Hélas ! En surnombre sur le terrain, les islamistes, très actifs et vicieux, ont fait main basse sur l’émotion de ce peuple fragile et livré à lui-même, en tentant d’écarter et le FLN et les Berbéristes (ceux-ci étaient minoritaires parce que généralement regroupés autour de l’élite francophone).

Et puis, un autre problème de taille se pose pour les « Berbéristes » (cette appellation est de mon point de vue péjorative, je lui préfère celle des « militants de la cause amazighe »), c’est que leurs travaux académiques sont faits en majorité en France au cours des années 60-70 en raison du climat de la répression et de la dictature qui régnait à cette époque-là en Algérie (l’Académie berbère fut créée à Paris en 1966 par Taos Amrouche, Mohand Arab Bessaoud, Hamid Hamici, Abdelkader Rahmani, et dissoute en 1978 sous la pression du pouvoir Alger, le groupe d’études berbères fut créé, lui aussi, par Salem Chaker à l’université Paris VIII de Vincennes en 1973). Pratiquement jusqu’à l’année 2000, toutes les productions sur la culture berbère (livres, documents, enquêtes, etc) sont faites en France. 

Ce n’est qu’après l’ouverture démocratique, au début des années 90, que des départements de langue et de culture amazighes ont vu le jour de Tizi-Ouzou et de Béjaïa, ce qui a permis la soutenance au niveau local de mémoires (d’abord de magisters) puis des masters et quelques doctorats.

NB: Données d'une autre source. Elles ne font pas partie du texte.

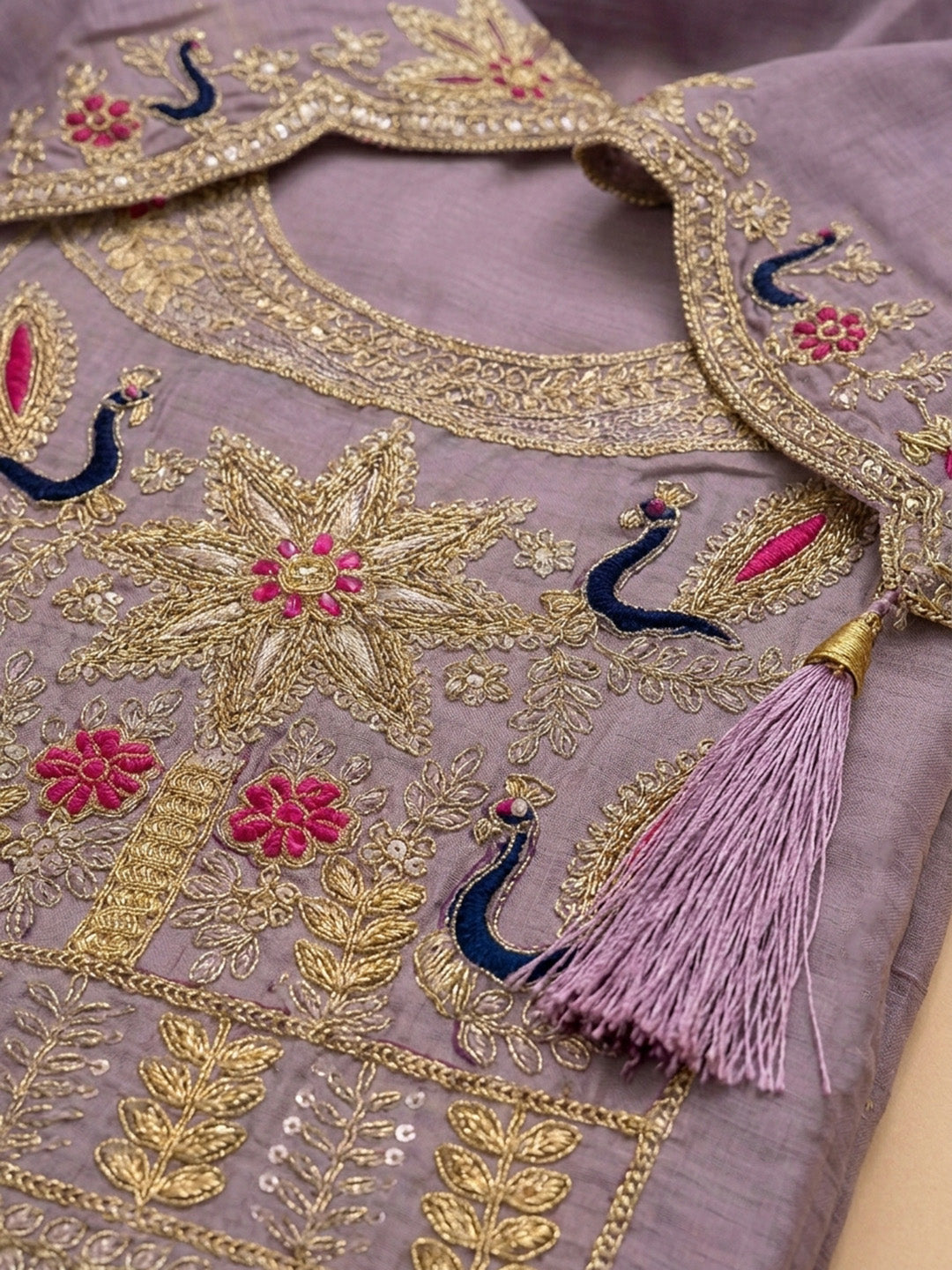 Purple Embroidered Chanderi Unstitched Suit &amp; Pant With Chanderi Dupatta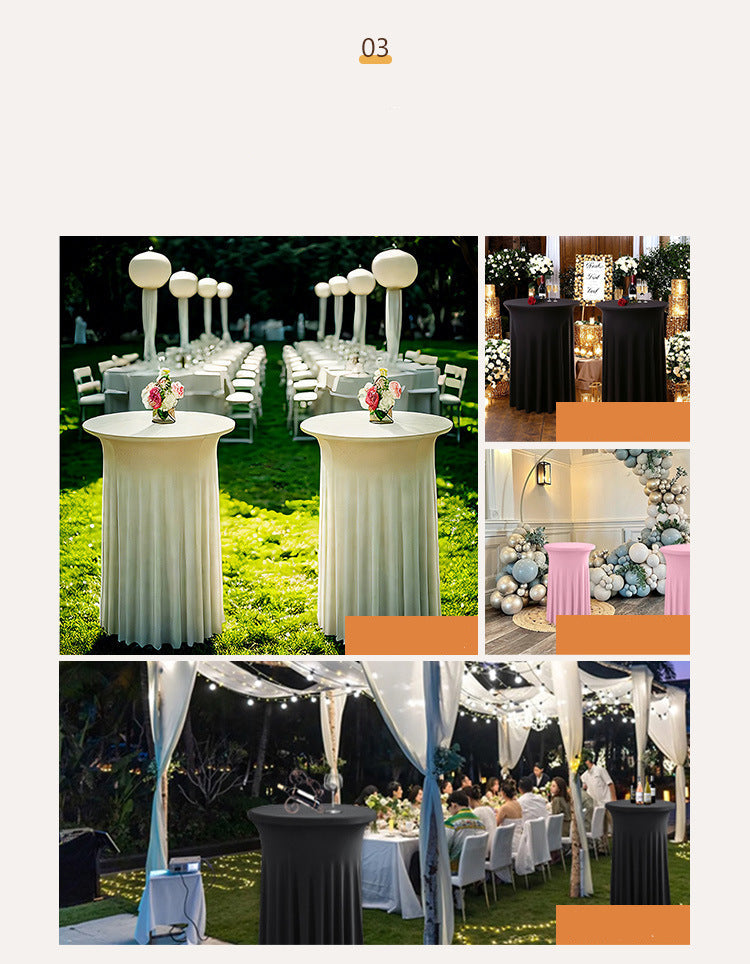 Elastic Tablecloth Cocktail Skirt Table Cover Banquet High Bar Round Elastic Cover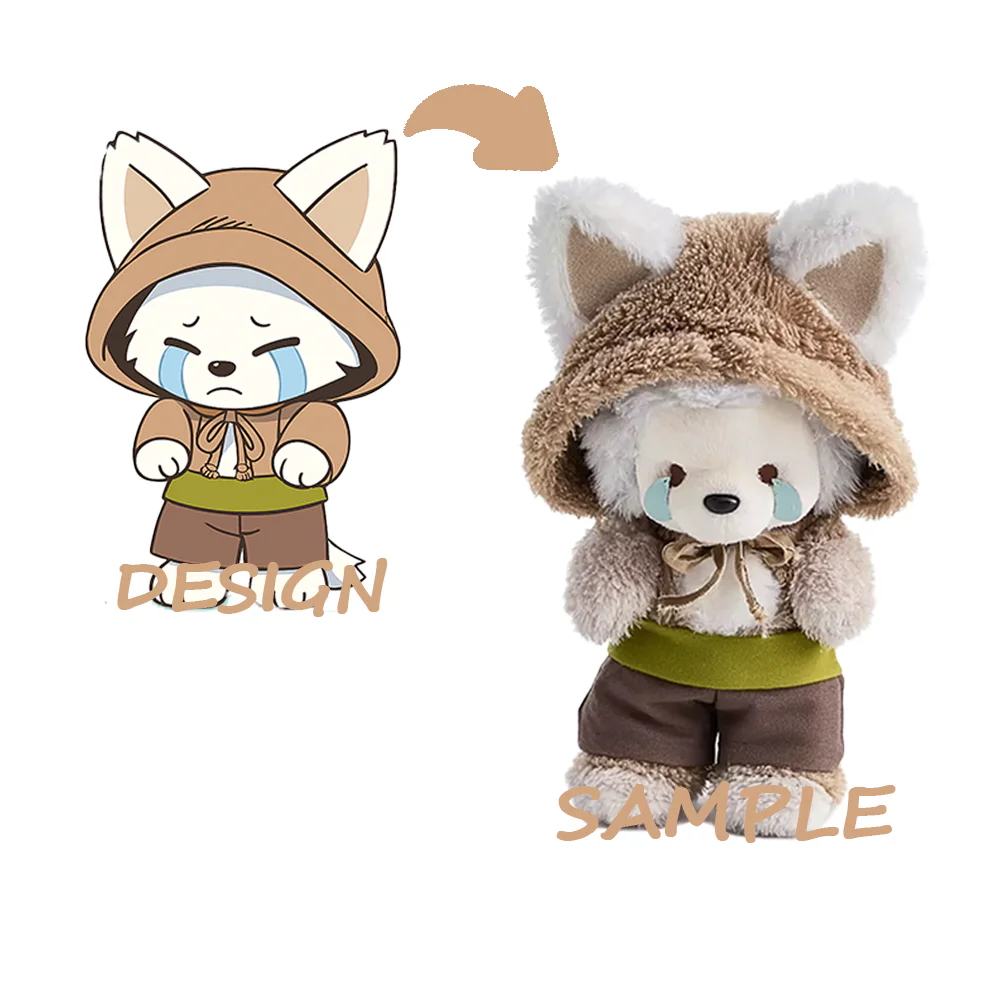 Crying puppy character transformed from artwork into a plush sample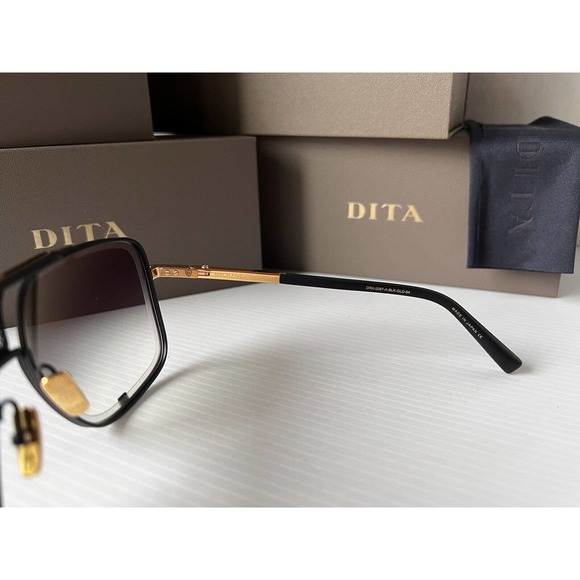 DITA Mach Five DRX 2087-A Matte Black Yellow Gold 18K / Gray Gradient Sunglasses - Picture 10 of 12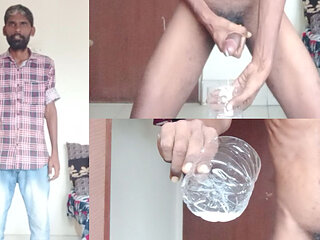 Rajesh Playboy 993 Masturbating Big Cock in the Bedroom and Cumming in the Glass. Huge Cumshot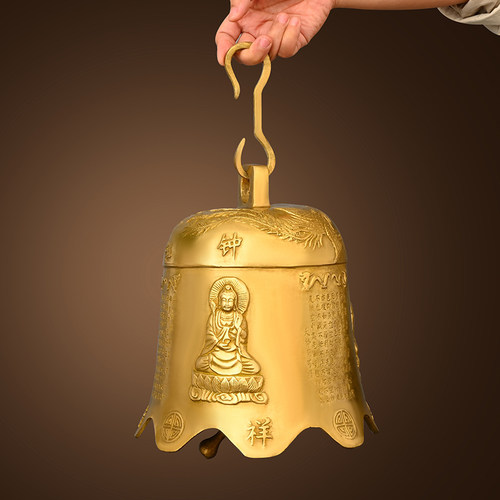黄铜般若佛心经观音祖龙凤铜钟风铃佛钟平安铃铛挂件寺庙铜钟 - 图2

Tout cela l’idéologie officielle l’a utilisé comme prétexte pour discréditer leur valeur scientifique (des travaux sur la berbérité bien entendu), au nom de  cette « pseudo-volonté du séparatisme de la Kabylie », « le complotisme franco-kabyle évangélique contre l’islam » « la main de l’étranger » pour saboter « talahoum el-chaâb » l’unité du peuple. C’est d’ailleurs, la raison du refus de l’alphabet latin moderne de Tamazight, perçu par les islamistes devenus un temps amis du régime officiel, comme outrage à l’Islam et à l’Arabité de l’Algérie!  Le deuxième problème,  l’ancrage  du mouvement berbère n’était fort qu’en Kabylie.

Ce qui n’a pas aidé à « rebooster » le patrimoine amazigh, resté pour longtemps, otage des manipulations de l’idéologie arabo-baâthiste officielle. 

Tout cela, ajouté à d’autres facteurs d’ordre historique (la rébellion de la wilaya III historique contre le pouvoir personnel de Ben Bella et de son allié l’Etat-Major de l’Armée, a fait en sorte que l’islamisme et l’arabisme, à ne pas confondre bien sûr avec l’islamité et l’arabité, soient des alliés circonstanciels (je préfère conjoncturels), contre la culture-mère du pays (l’Amazighité), jusqu’au point où Bouteflika lui-même aurait, toute honte bue, proposé en 1999 à Tizi-Ouzou, un référendum populaire pour l’accepter comme langue officielle du pays.